• **MATERIAL SHOWN**:
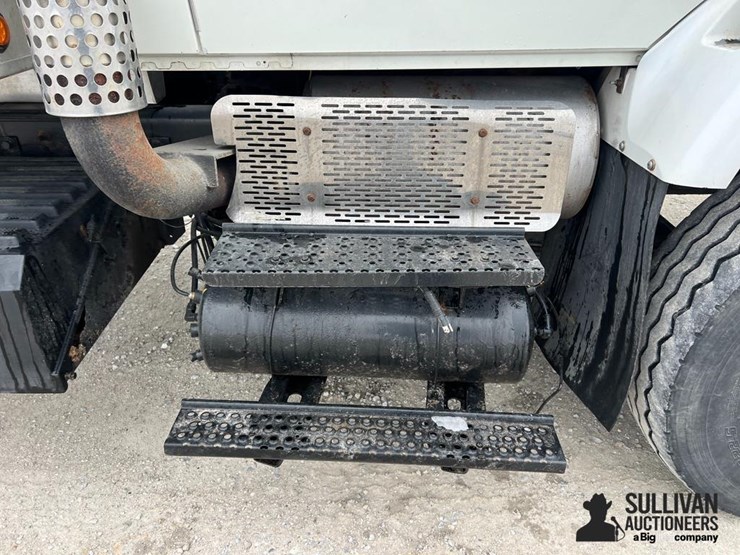 2006-international-7600-image-18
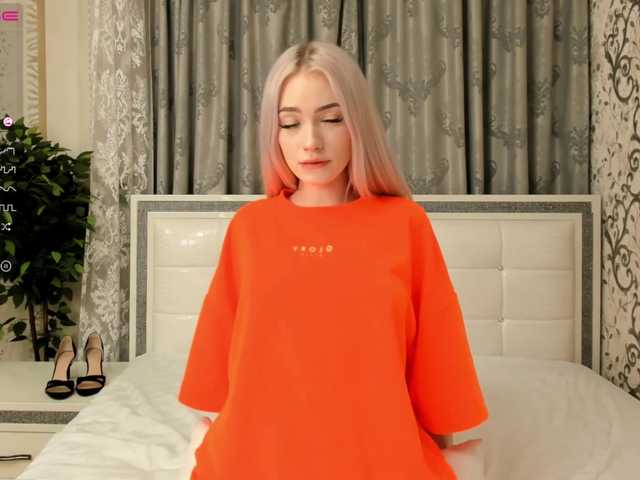 Live sex webcam photo for VictoriOlesia #273901203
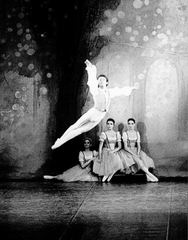 Jacques Marsa performing a pas de trios from Monte Carlo.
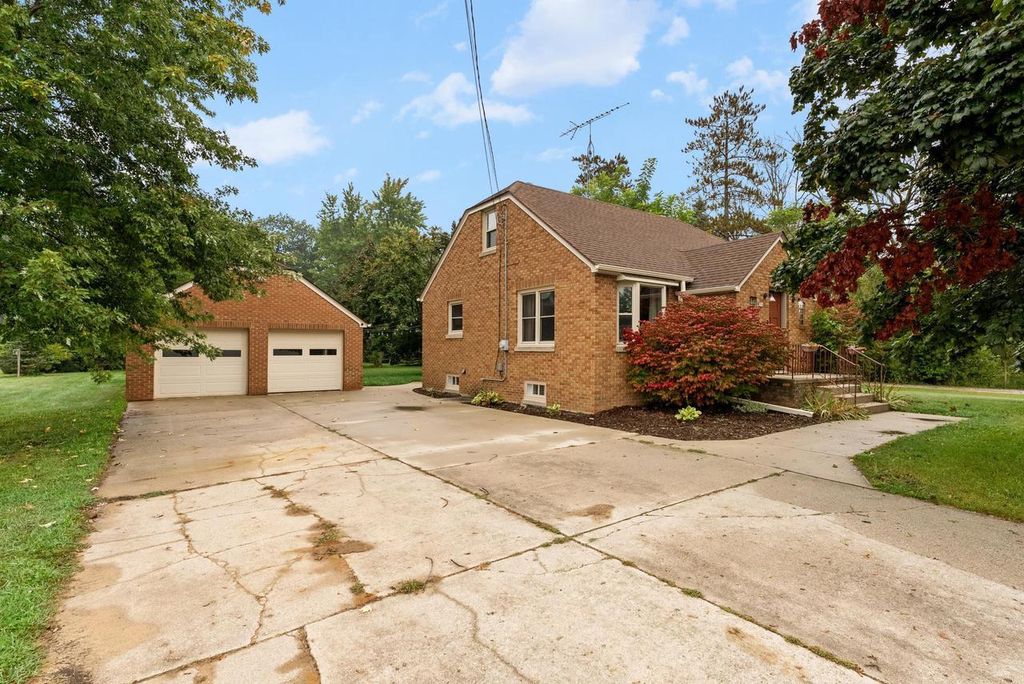 Photo of 354 E Menasha AVENUE, Whitelaw, WI 54247 (MLS # 1943755)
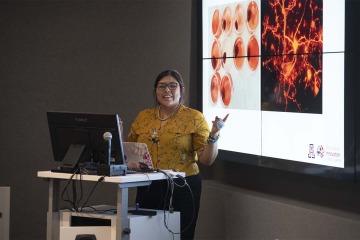 Diné College student Alyssa Joe gives a presentation on her summer research to a group of colleagues and professors at the UArizona Health Sciences Center for Innovation in Brain Science.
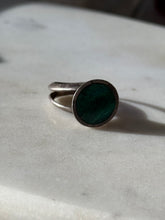 Load image into Gallery viewer, Vintage Circle Malachite Sterling Ring Size 8
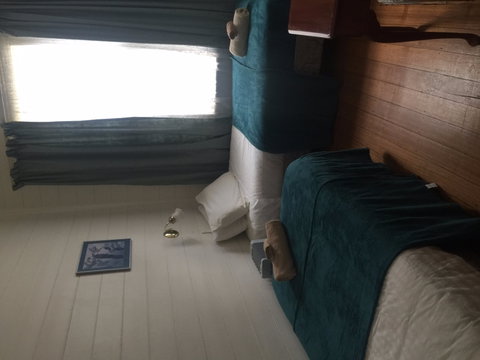 Lake Leake Inn - Surfers Gold Coast 2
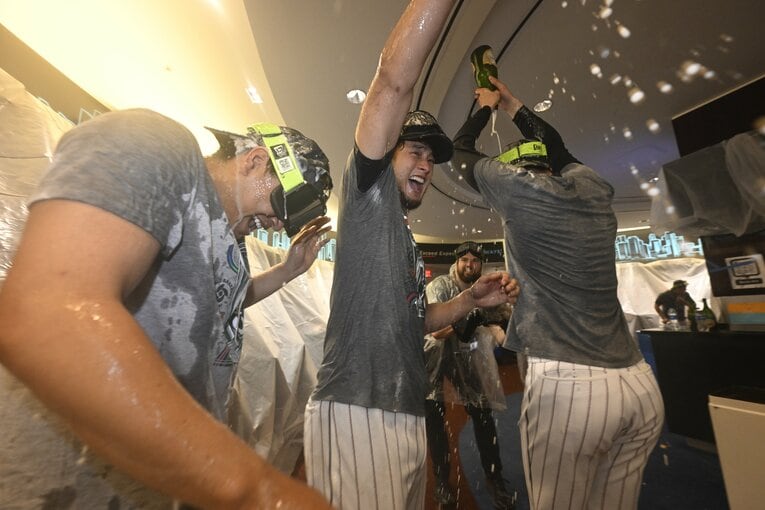 楽しそうなシャンパンファイト　©代表撮影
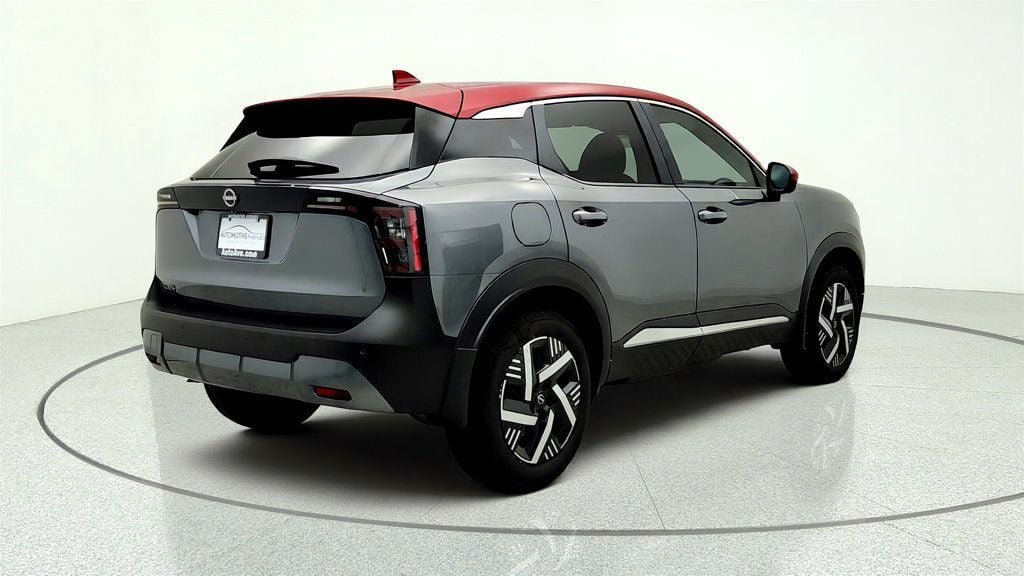 Used 2025 Nissan Kicks SV FWD image 5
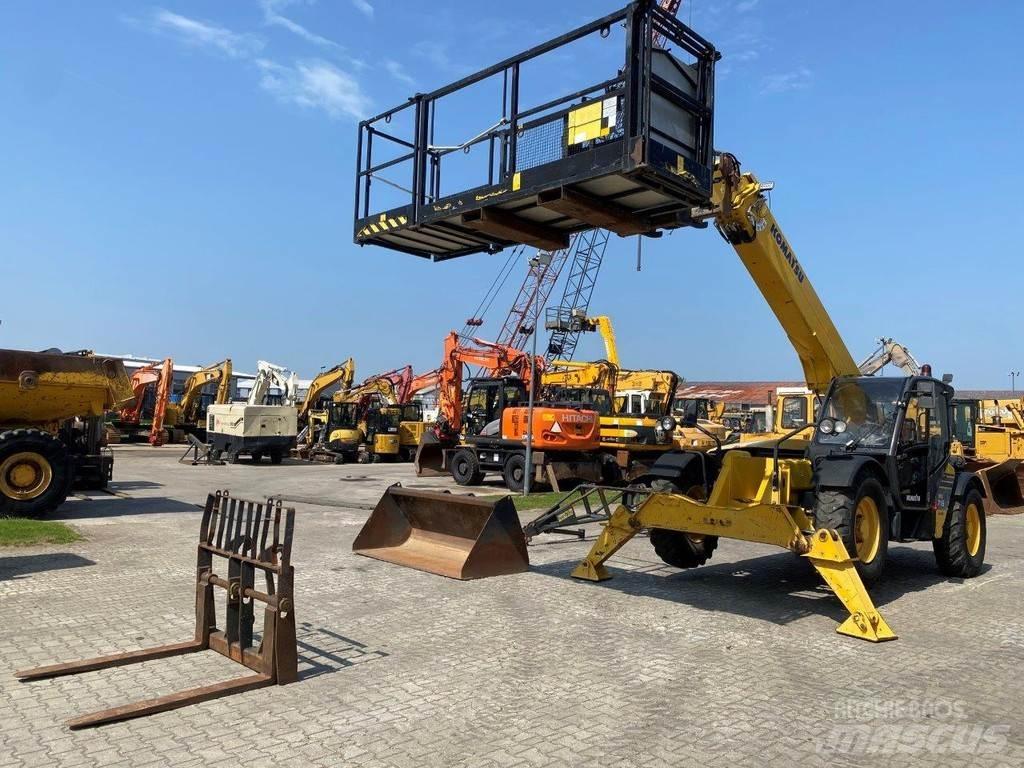 Komatsu WA716 NVT Chariot télescopique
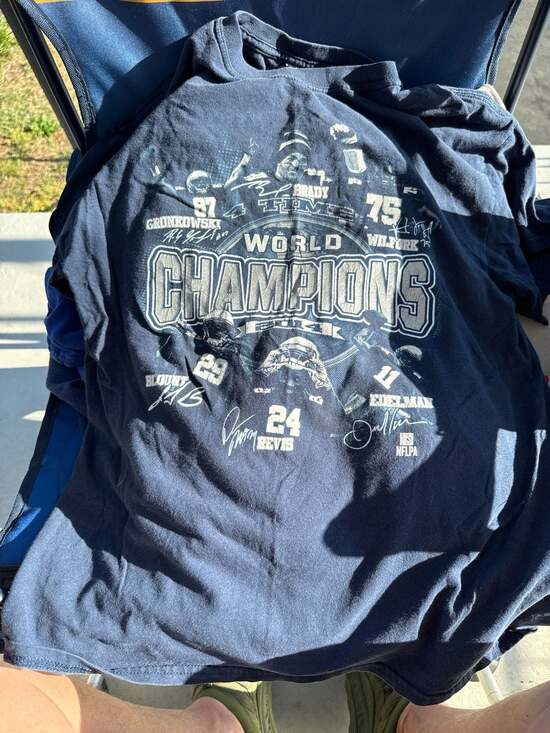 NFL Other - New England Patriots 2014 World Champions Super Bowl XLIX Signature T-Shirt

• **ABOUT THIS TASK**: For the data above, return an exact copy that contains no pictures.

• **SOLUTION**:
 2006-international-7600-image-18
 Live sex webcam photo for VictoriOlesia #273901203
 Jacques Marsa performing a pas de trios from Monte Carlo.
 Photo of 354 E Menasha AVENUE, Whitelaw, WI 54247 (MLS # 1943755)
 Diné College student Alyssa Joe gives a presentation on her summer research to a group of colleagues and professors at the UArizona Health Sciences Center for Innovation in Brain Science.
 Load image into Gallery viewer, Vintage Circle Malachite Sterling Ring Size 8
 Lake Leake Inn - Surfers Gold Coast 2
 楽しそうなシャンパンファイト　©代表撮影
 Used 2025 Nissan Kicks SV FWD image 5
 Komatsu WA716 NVT Chariot télescopique
 NFL Other - New England Patriots 2014 World Champions Super Bowl XLIX Signature T-Shirt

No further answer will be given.